In January 2025, alpinist Colin Haley and filmmaker Tyler Karow set their sights on one of Patagonia's most elusive objectives: the Aguja Bífida, a seldom-climbed spire deep in the heart of the Torre massif. Following the Espolón Noreste on the northeast aspect, the two navigated the complex and committing terrain that has turned back countless parties before them, finally reaching the summit on January 10th. What follows is a raw, unfiltered look at high-stakes alpinism in one of the world's most unpredictable ranges.
This film captures not just the climb, but the full Patagonian experience — the fleeting weather window, the physical and mental demands of committing to a remote objective, and the brutal hike out through relentless wind and rain that followed. Colin Haley is one of the most accomplished alpinists operating in Patagonia today, and watching him move through this seldom-visited terrain is a masterclass in efficiency and mountain sense. For anyone drawn to the sharp end of adventure climbing, this twelve-minute window into a genuine Patagonian first-rate ascent is essential viewing.
At just 30 years old, Sébastien Bouin has already cemented his place among the greatest climbers alive, standing in rare company as one of only three people on the planet to have completed a 9C-rated route — the absolute pinnacle of difficulty in sport climbing. This short film from French channel Slash follows the legendary French crusher across two iconic venues: the dramatic limestone walls of the Verdon Gorge, where he joins fellow titans Adam Ondra and Jakob Schubert on the legendary route D.N.A., and the Pic Saint-Loup, where he pursues his audacious new project "Wolf Kingdom," a 9B+ line that pushes the boundaries of what is humanly possible on rock.
What makes this film essential viewing is the rare access it offers to a generational talent operating at the bleeding edge of human performance, alongside two of the sport's other all-time greats. Watching Bouin dissect savage sequences on vertical and overhanging limestone is both humbling and electrifying — a masterclass in power, precision, and mental resolve. Whether he sticks the crux or battles through setbacks, the passion and obsession that drive a climber toward the impossible make for compelling storytelling that will resonate with seasoned climbers and casual fans alike.
In this film, Nathaniel Coleman heads back to Thunder Ridge, Colorado to chase a new standard in modern bouldering: the first ascent of “No One Mourns the Wicked,” graded V17/9A. Building on the legacy of Daniel Woods’s original line “Defying Gravity,” Nathaniel sets his sights on an audacious low start that turns an already brutal problem into something bordering on the impossible.
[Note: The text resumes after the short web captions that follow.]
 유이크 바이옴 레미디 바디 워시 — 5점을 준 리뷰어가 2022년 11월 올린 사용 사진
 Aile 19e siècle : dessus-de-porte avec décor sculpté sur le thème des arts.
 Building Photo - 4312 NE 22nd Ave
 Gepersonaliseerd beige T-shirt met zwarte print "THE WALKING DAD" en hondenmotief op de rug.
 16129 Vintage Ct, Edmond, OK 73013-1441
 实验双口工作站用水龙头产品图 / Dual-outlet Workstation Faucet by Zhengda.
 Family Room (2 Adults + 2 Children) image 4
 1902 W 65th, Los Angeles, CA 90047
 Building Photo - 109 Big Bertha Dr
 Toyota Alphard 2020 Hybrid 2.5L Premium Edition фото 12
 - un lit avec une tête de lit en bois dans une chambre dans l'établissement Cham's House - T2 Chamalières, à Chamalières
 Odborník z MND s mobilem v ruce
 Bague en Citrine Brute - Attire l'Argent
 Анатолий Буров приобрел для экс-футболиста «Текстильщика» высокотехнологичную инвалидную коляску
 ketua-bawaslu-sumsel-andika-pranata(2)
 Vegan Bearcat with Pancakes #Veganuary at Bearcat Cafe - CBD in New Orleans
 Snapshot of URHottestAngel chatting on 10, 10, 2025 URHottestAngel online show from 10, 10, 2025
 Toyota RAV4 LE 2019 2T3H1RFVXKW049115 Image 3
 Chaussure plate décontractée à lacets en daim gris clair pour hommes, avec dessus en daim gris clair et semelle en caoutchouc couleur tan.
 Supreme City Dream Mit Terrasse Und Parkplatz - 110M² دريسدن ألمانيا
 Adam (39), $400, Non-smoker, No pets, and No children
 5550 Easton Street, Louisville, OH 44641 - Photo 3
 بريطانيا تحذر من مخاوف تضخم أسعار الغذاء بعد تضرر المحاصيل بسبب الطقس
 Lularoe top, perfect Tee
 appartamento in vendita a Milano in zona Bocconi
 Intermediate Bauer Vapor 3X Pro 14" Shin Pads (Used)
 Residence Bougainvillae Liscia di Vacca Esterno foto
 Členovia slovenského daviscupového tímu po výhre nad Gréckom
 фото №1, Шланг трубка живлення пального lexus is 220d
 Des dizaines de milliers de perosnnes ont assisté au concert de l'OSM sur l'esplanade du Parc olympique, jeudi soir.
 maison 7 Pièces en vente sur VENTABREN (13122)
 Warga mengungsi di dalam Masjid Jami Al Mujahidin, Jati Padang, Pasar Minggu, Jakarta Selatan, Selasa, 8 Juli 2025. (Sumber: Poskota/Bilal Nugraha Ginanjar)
What makes this worth watching is the obsession with a single, low-percentage move—one of those razor-thin cruxes where every attempt teaches you something, and mastery is earned the hard way. It’s a sharp, focused look at elite-level projecting: precision, patience, and the mental grind of returning until the move finally unlocks.
Of a Lifetime is Jérôme Tanon’s intimate expedition film following the legendary De Le Rue family as Xavier, Victor, and 18-year-old Mila sail across the Drake Passage to Antarctica in search of steep, untouched lines. Through Mila’s personal diary entries, the story becomes a coming-of-age journey—an initiation into the demands and wonder of big-mountain riding at the edge of the world.
This is the kind of adventure you don’t stumble into: long crossings, relentless cold, and committing terrain where every decision matters. What makes it unforgettable is the blend of scale and closeness—vast Antarctic walls contrasted with a family passing down experience, courage, and restraint—capturing that rare feeling of chasing something truly once-in-a-lifetime.